[Dataset items]
[Start of Attachment]

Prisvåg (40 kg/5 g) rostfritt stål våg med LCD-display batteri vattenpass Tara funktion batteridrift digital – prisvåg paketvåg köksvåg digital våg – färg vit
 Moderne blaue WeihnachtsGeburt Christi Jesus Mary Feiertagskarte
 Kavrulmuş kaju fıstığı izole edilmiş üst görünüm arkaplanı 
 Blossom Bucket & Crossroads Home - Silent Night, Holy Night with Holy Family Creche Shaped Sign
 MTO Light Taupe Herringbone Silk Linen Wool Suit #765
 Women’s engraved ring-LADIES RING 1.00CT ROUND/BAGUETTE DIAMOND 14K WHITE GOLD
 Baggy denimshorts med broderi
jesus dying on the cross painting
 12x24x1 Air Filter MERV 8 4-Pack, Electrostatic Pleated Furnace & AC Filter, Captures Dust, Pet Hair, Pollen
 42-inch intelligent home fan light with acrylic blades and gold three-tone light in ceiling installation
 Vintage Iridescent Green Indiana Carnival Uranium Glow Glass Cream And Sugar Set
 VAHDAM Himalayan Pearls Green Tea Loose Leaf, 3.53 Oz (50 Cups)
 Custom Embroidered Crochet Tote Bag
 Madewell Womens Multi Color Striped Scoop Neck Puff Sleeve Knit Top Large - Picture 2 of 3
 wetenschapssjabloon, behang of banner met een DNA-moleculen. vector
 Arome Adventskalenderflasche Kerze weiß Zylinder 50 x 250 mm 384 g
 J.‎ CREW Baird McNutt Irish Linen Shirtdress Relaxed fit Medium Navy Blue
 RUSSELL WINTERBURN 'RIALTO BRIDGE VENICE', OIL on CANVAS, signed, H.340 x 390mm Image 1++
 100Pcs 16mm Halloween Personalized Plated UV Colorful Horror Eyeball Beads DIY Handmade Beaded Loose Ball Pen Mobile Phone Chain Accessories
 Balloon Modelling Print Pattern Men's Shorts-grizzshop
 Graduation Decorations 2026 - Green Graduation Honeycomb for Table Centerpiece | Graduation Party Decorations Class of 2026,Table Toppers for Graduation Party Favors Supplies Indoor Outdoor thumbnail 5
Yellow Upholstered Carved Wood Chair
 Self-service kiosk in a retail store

[End of Attachment]

Reproduce the entries above exactly, every line included.

Prisvåg (40 kg/5 g) rostfritt stål våg med LCD-display batteri vattenpass Tara funktion batteridrift digital – prisvåg paketvåg köksvåg digital våg – färg vit
 Moderne blaue WeihnachtsGeburt Christi Jesus Mary Feiertagskarte
 Kavrulmuş kaju fıstığı izole edilmiş üst görünüm arkaplanı 
 Blossom Bucket & Crossroads Home - Silent Night, Holy Night with Holy Family Creche Shaped Sign
 MTO Light Taupe Herringbone Silk Linen Wool Suit #765
 Women’s engraved ring-LADIES RING 1.00CT ROUND/BAGUETTE DIAMOND 14K WHITE GOLD
 Baggy denimshorts med broderi
jesus dying on the cross painting
 12x24x1 Air Filter MERV 8 4-Pack, Electrostatic Pleated Furnace & AC Filter, Captures Dust, Pet Hair, Pollen
 42-inch intelligent home fan light with acrylic blades and gold three-tone light in ceiling installation
 Vintage Iridescent Green Indiana Carnival Uranium Glow Glass Cream And Sugar Set
 VAHDAM Himalayan Pearls Green Tea Loose Leaf, 3.53 Oz (50 Cups)
 Custom Embroidered Crochet Tote Bag
 Madewell Womens Multi Color Striped Scoop Neck Puff Sleeve Knit Top Large - Picture 2 of 3
 wetenschapssjabloon, behang of banner met een DNA-moleculen. vector
 Arome Adventskalenderflasche Kerze weiß Zylinder 50 x 250 mm 384 g
 J.‎ CREW Baird McNutt Irish Linen Shirtdress Relaxed fit Medium Navy Blue
 RUSSELL WINTERBURN 'RIALTO BRIDGE VENICE', OIL on CANVAS, signed, H.340 x 390mm Image 1++
 100Pcs 16mm Halloween Personalized Plated UV Colorful Horror Eyeball Beads DIY Handmade Beaded Loose Ball Pen Mobile Phone Chain Accessories
 Balloon Modelling Print Pattern Men's Shorts-grizzshop
 Graduation Decorations 2026 - Green Graduation Honeycomb for Table Centerpiece | Graduation Party Decorations Class of 2026,Table Toppers for Graduation Party Favors Supplies Indoor Outdoor thumbnail 5
Yellow Upholstered Carved Wood Chair
 Self-service kiosk in a retail store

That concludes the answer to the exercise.